7.2. Sampling Distribution for the Sample Mean

Having established that statistics are random variables with their own distributions, we now focus on the most important statistic in all of statistical inference: the sample mean \(\bar{X}\).

Road Map 🧭

  • View the sample mean \(\bar{X}\) as a function of \(n\) independent and identically distributed random variables.

  • Establish \(E[\bar{X}]\) and \(\text{Var}(\bar{X})\) in relation to the distributional properties of these building blocks.

  • Define the standard deviation \(\sigma_{\bar{X}}\) of the sample mean as the standard error and understand how it is influenced by the population standard deviation and sample size.

7.2.1. A New Perspective on the Data-Generating Procedure

So far, we’ve pictured the sampling procedure as drawing individual datapoints \(n\) different times from a single random variable \(X\) (left of Fig. 7.2).

A new perspective of understanding how data points are sampled

Fig. 7.2 Left represents how we used to think of the sampling procedure; we now think in the perspective on the right

For the formal understanding of the sampling distribution of \(\bar{X}\), we need to begin with a new perspective. Imagine that there are \(n\) independent and identically distributed (iid) copies of the population, \(X_1, X_2, \cdots, X_n\), and a sample is constructed by taking one data point from each copy (right of Fig. 7.2).

Through this shift, we can now express the sample mean \(\bar{X}\) as a function of \(n\) random variables:

\[\bar{X} = \frac{1}{n}\sum_{i=1}^n X_i\]

This allows us to break down the properties of the random variable \(\bar{X}\) in terms of its building blocks \(X_1, X_2, \cdots, X_n\), with which we are more familiar.

7.2.2. Visualizing Sampling Distributions

Let’s get a feel for how sampling distributions behave with a concrete visual example.

The Population: Exponential Distribution

Consider a population that follows an exponential distribution with parameter \(\lambda = 1\). Recall that this distribution is highly right-skewed, with most values bunched near 0 and a long tail extending to the right. The population mean is \(\mu = 1/\lambda = 1\), and the population standard deviation is \(\sigma = 1/\lambda = 1\).

The pdf of exponential distribution

Fig. 7.3 The exponential population: highly right-skewed with mean \(\mu=1\)

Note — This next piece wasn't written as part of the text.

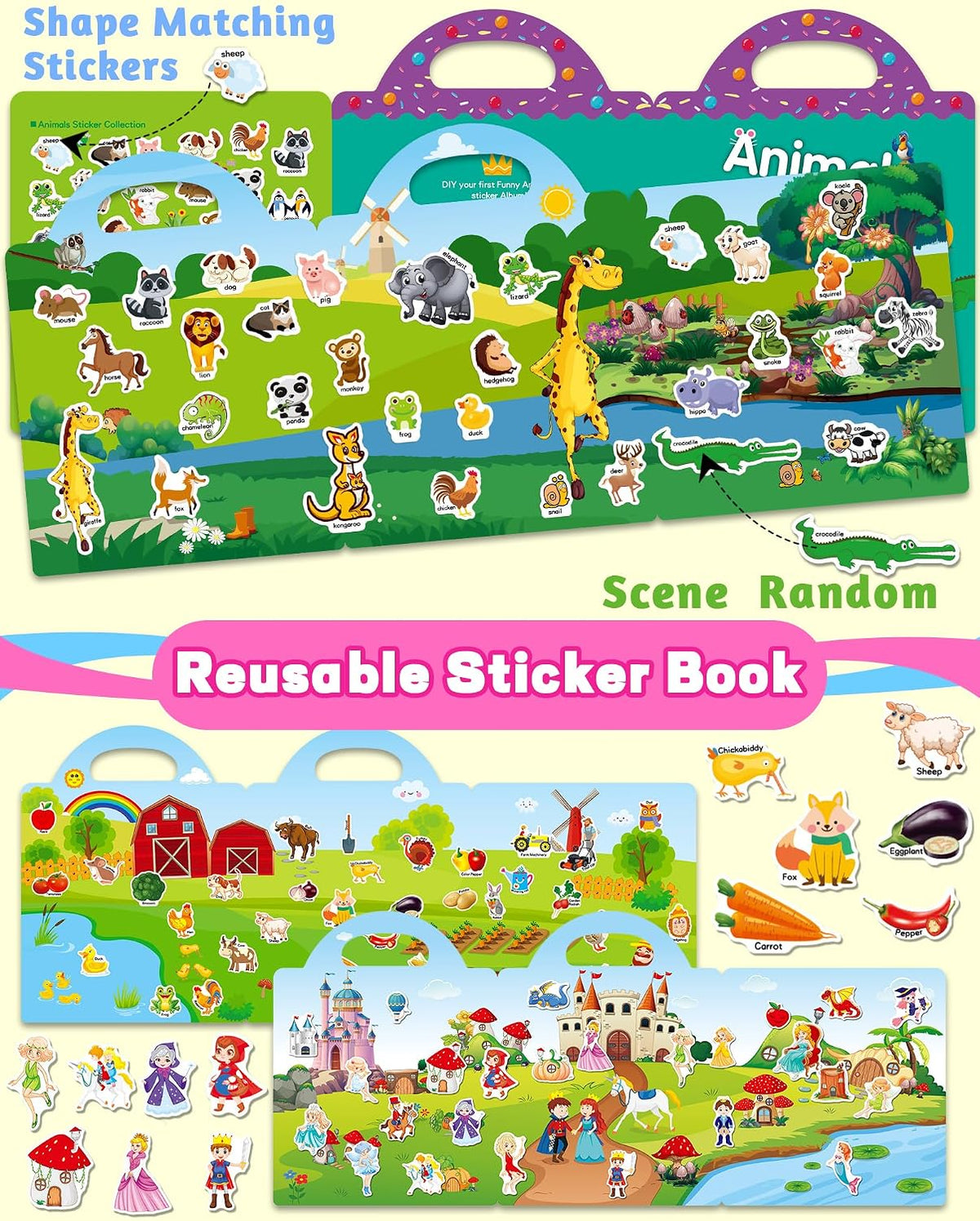 Walenced Reusable Sticker Book, Stickers for Kids - Fairy+Farm+Animal - image 3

When we conduct statistical inference in practice, we won’t know the population follows an exponential distribution or what its parameter value is. For now, we’ll assume this knowledge so we can compare our sample results to the known truth.

Sampling with n = 5

Let’s start by taking one sample of size \(n = 5\) from this population. The code below samples five numbers from the population, and computes the average:

# Take one sample of size 5
sample1 <- rexp(5, rate = 1)
sample_mean1 <- mean(sample1)
# Result: 0.39

We repeat this process many times (num_samples). Each repetition samples a different set of five numbers and thus produces a different sample mean.

# Simulate the sampling distribution
num_samples <- 1000000
n <- 5
sample_means <- replicate(num_samples, mean(rexp(n, rate = 1)))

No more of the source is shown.